____ LISTED ENTRIES

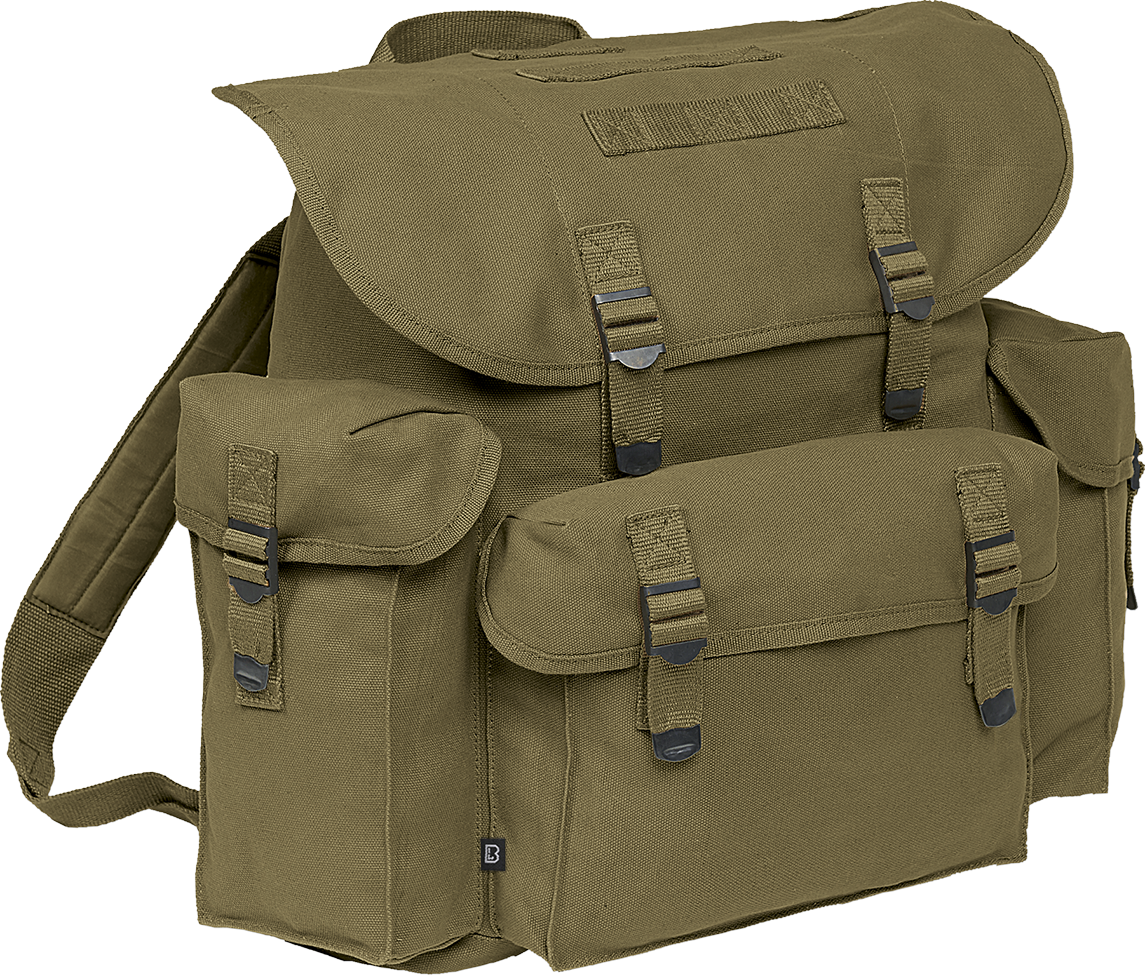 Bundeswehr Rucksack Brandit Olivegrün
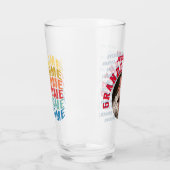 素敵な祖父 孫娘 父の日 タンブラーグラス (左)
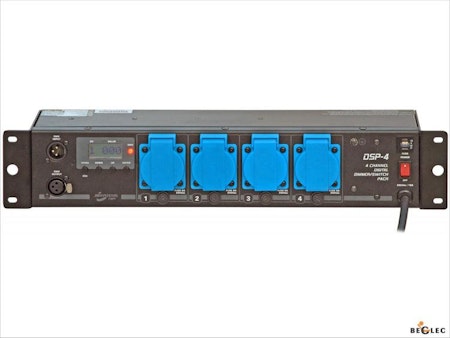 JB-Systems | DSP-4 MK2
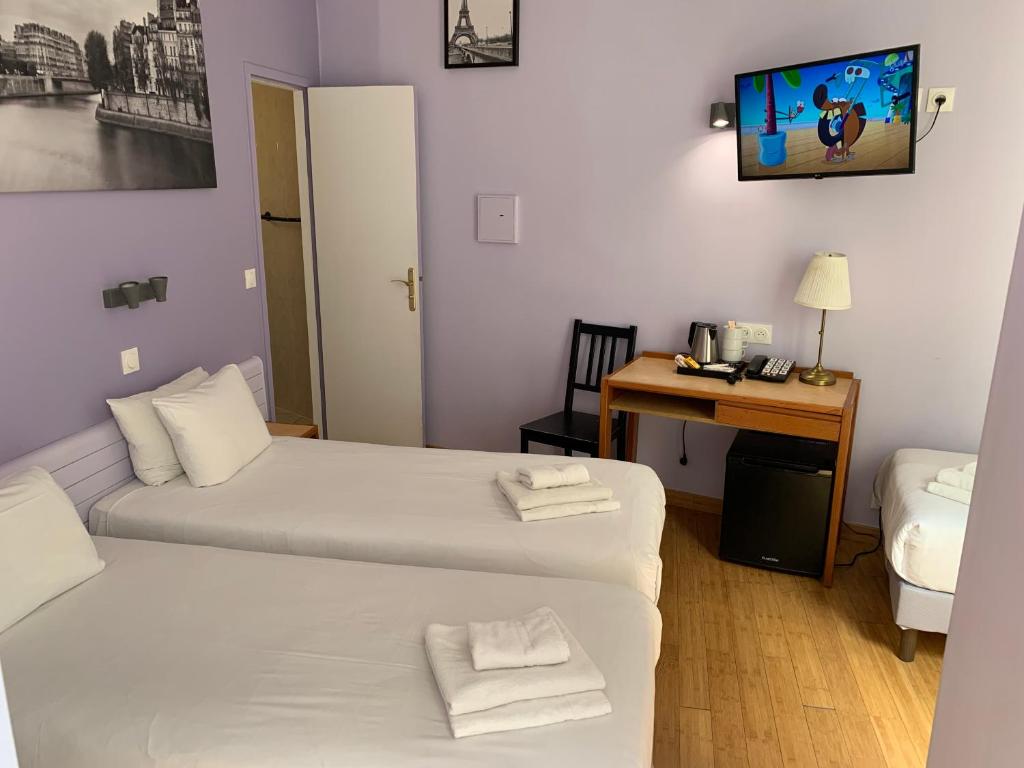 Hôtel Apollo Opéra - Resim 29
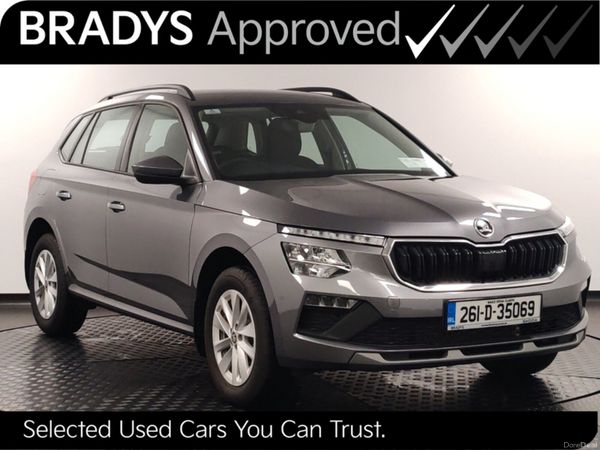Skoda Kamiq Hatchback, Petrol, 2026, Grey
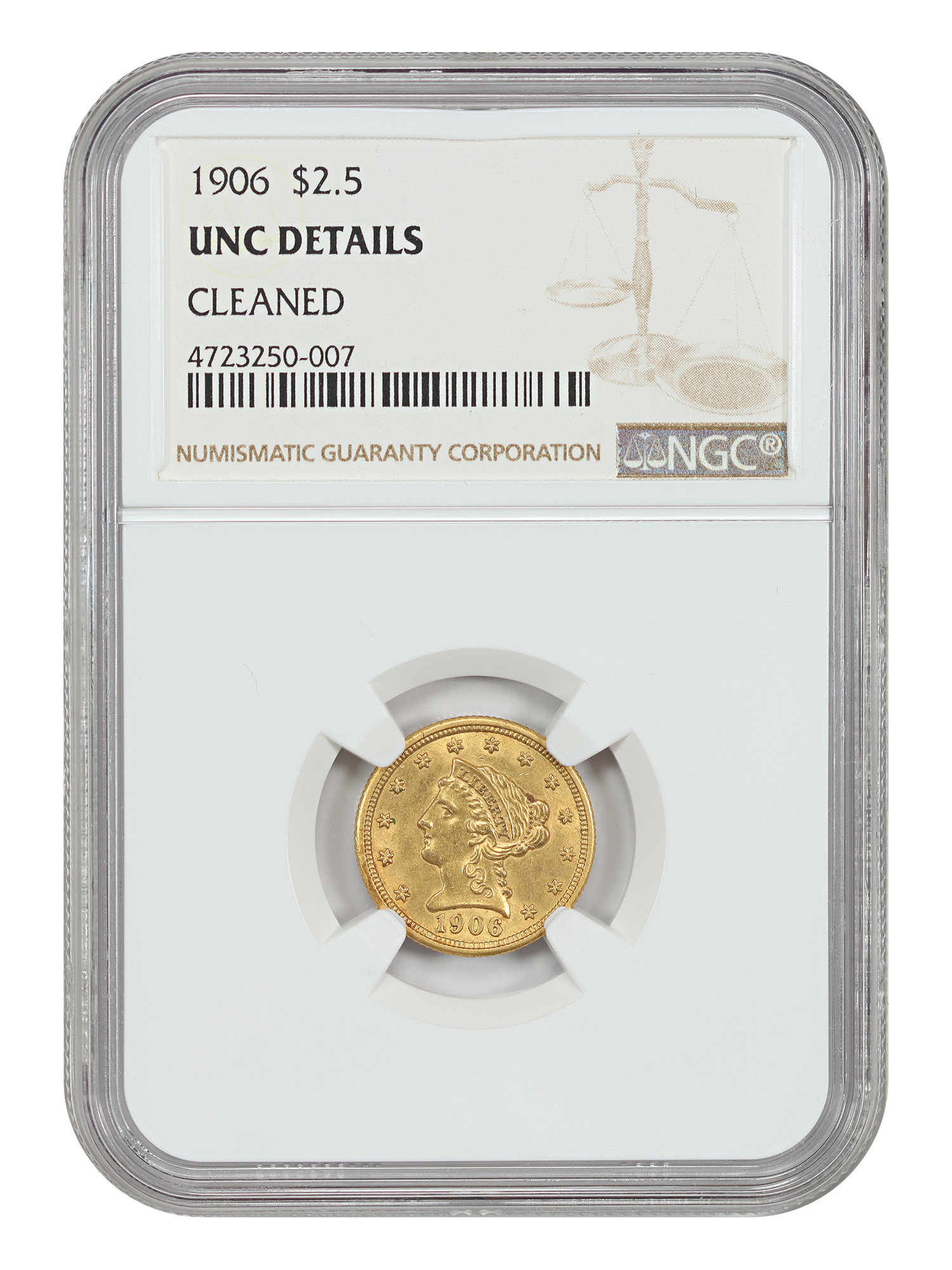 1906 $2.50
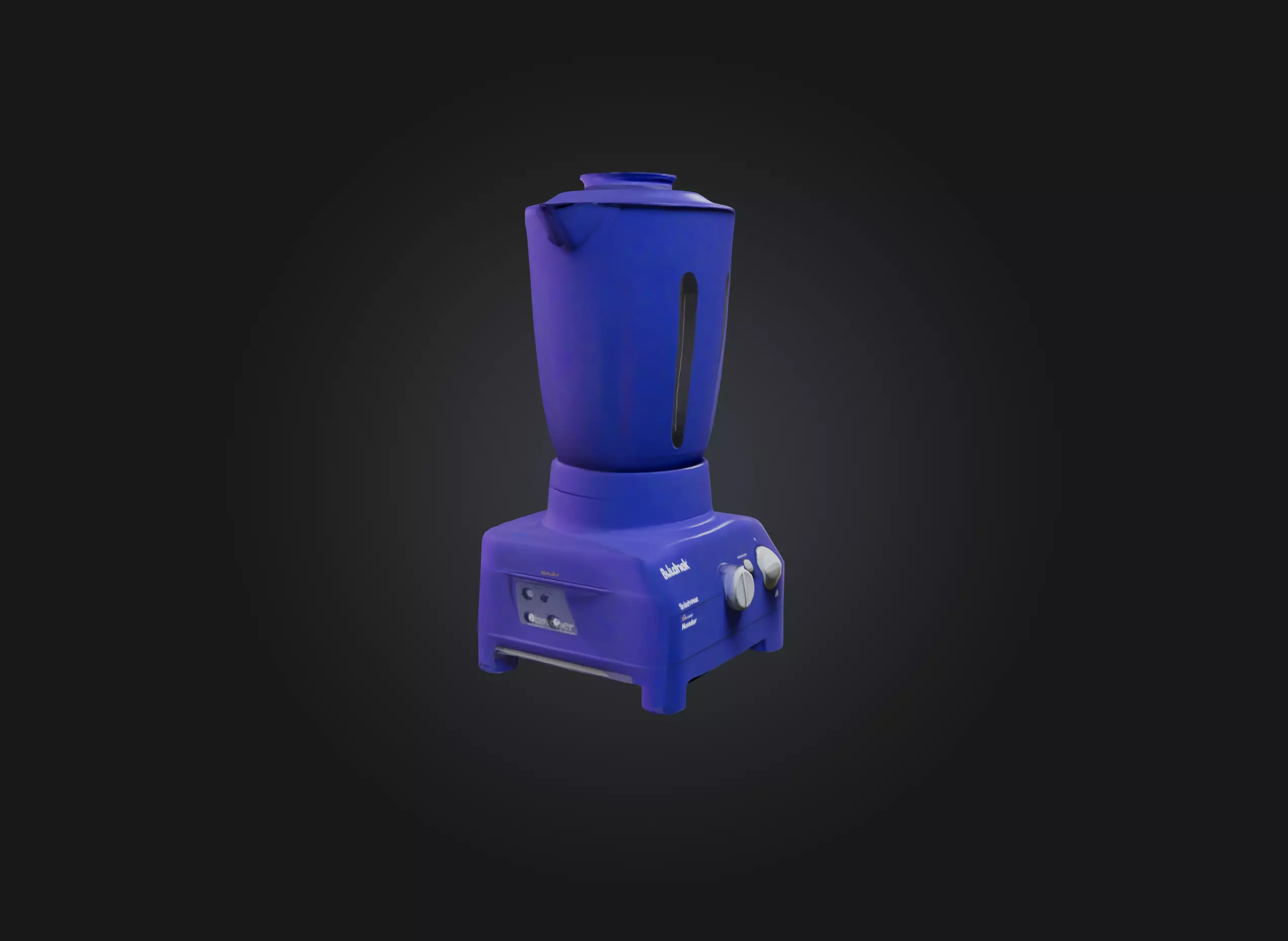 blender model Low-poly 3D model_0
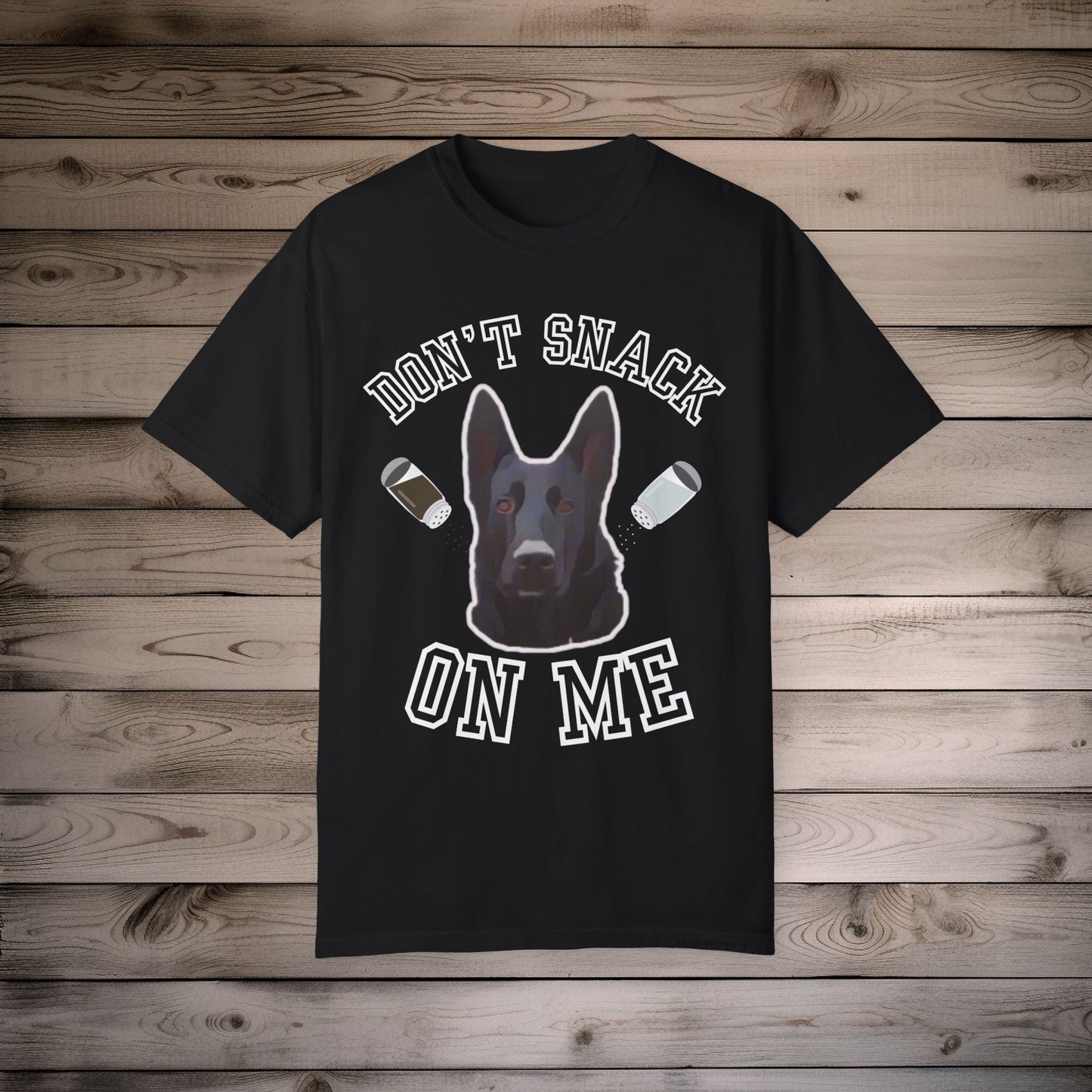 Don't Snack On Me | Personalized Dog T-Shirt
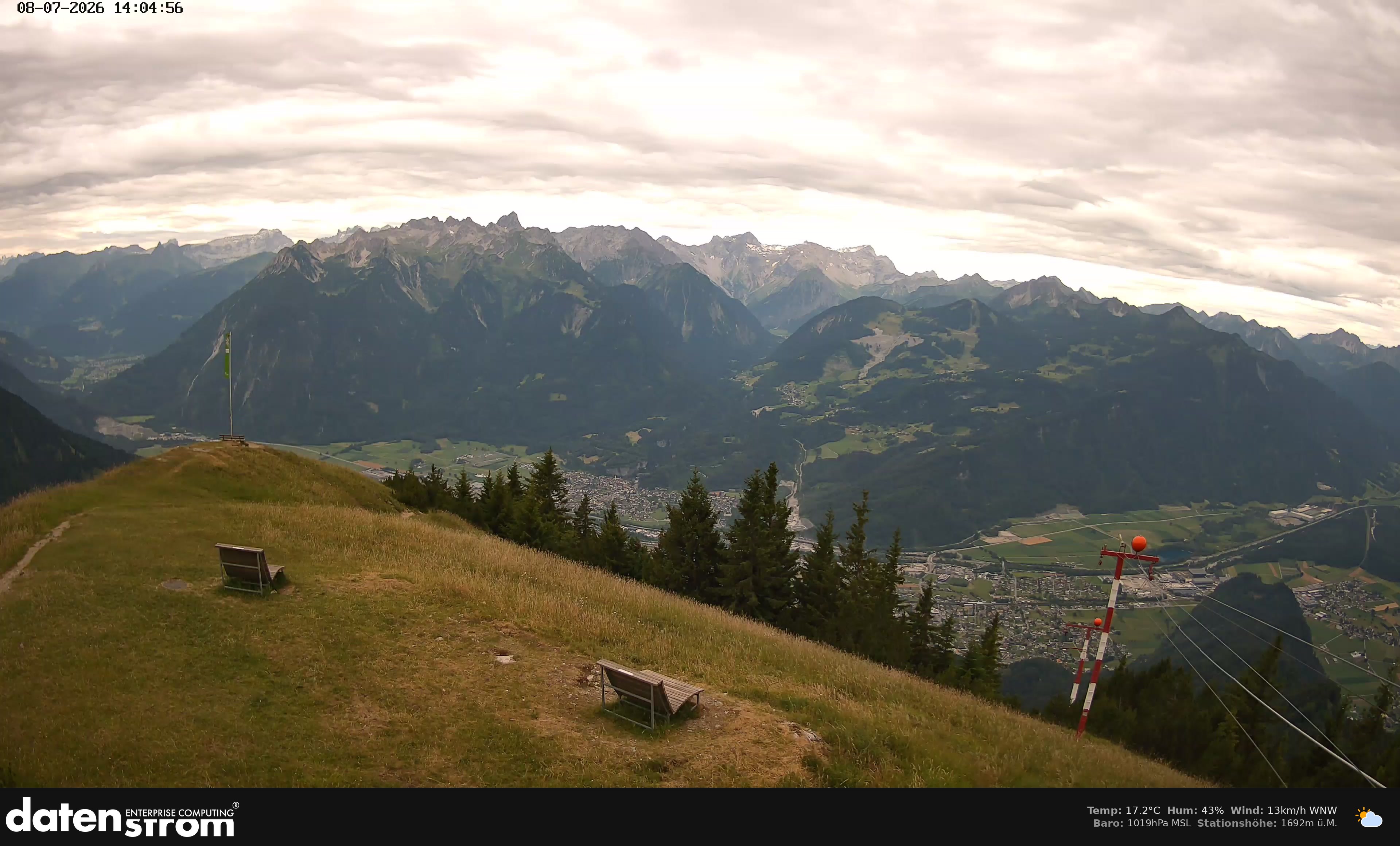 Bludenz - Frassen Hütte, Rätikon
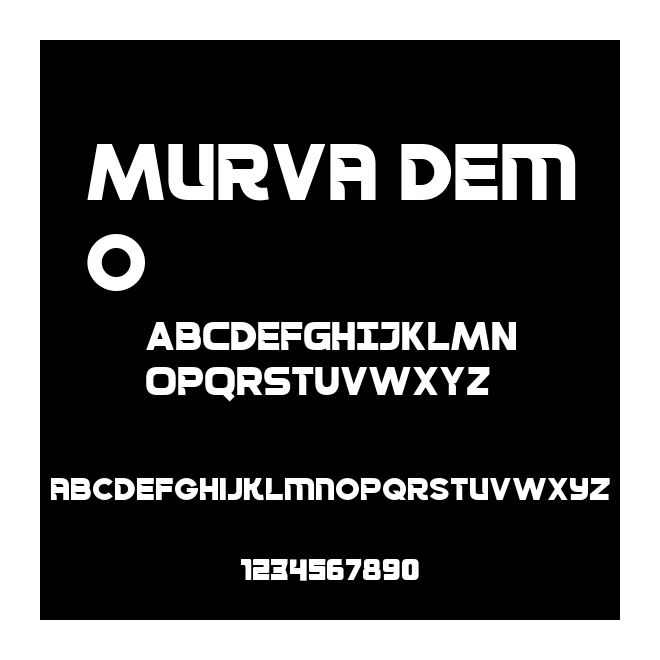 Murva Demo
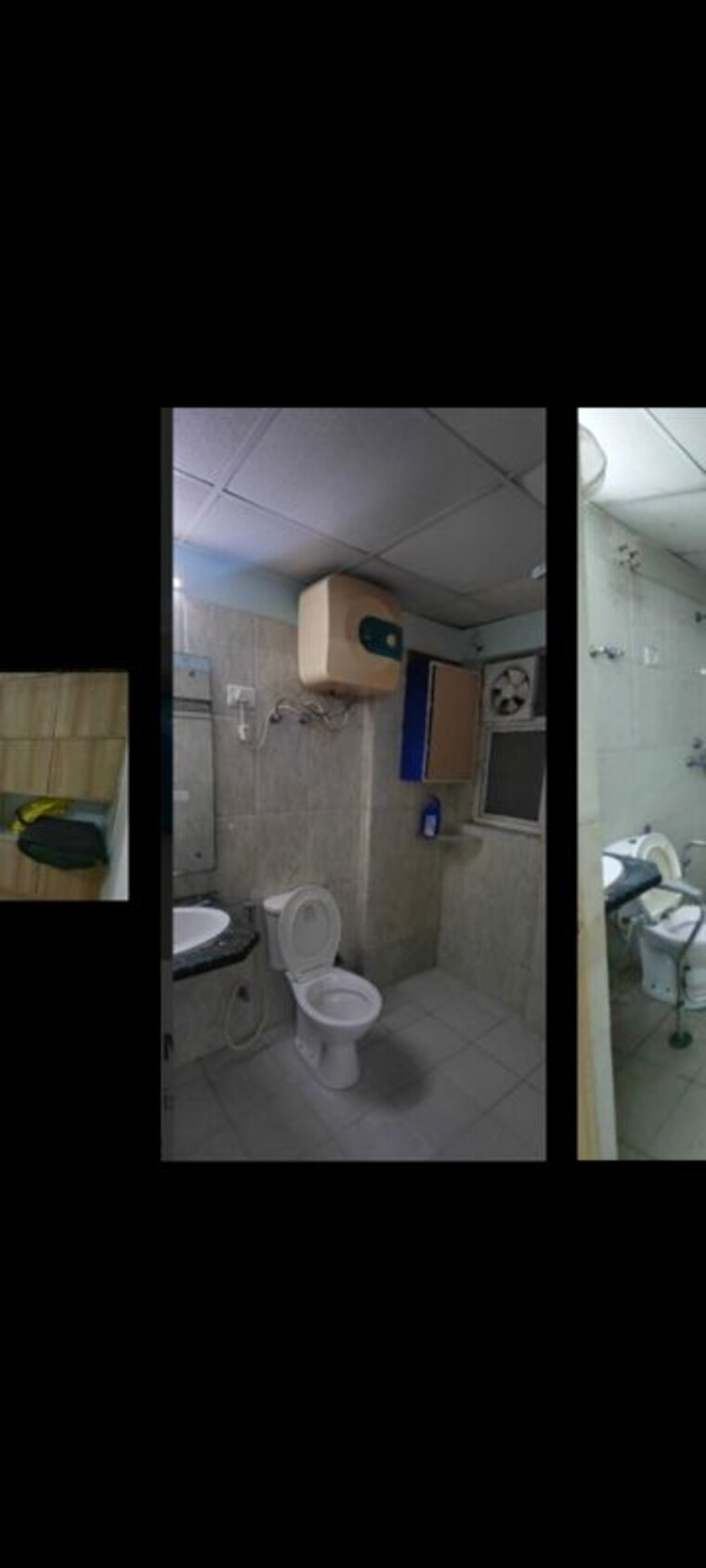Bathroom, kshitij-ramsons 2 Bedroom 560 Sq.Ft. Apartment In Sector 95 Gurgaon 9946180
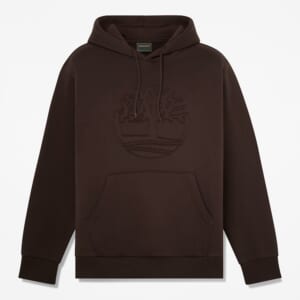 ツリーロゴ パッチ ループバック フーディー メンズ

________

YOUR TASK -
Write the lines from the one containing "Hôtel Apollo Opéra - Resim 29" through the end of the data above exactly as they appear, and do not carry over any picture.

SOLUTION -
 Hôtel Apollo Opéra - Resim 29
Skoda Kamiq Hatchback, Petrol, 2026, Grey
 1906 $2.50
 blender model Low-poly 3D model_0
 Don't Snack On Me | Personalized Dog T-Shirt
 Bludenz - Frassen Hütte, Rätikon
 Murva Demo
Bathroom, kshitij-ramsons 2 Bedroom 560 Sq.Ft. Apartment In Sector 95 Gurgaon 9946180
 ツリーロゴ パッチ ループバック フーディー メンズ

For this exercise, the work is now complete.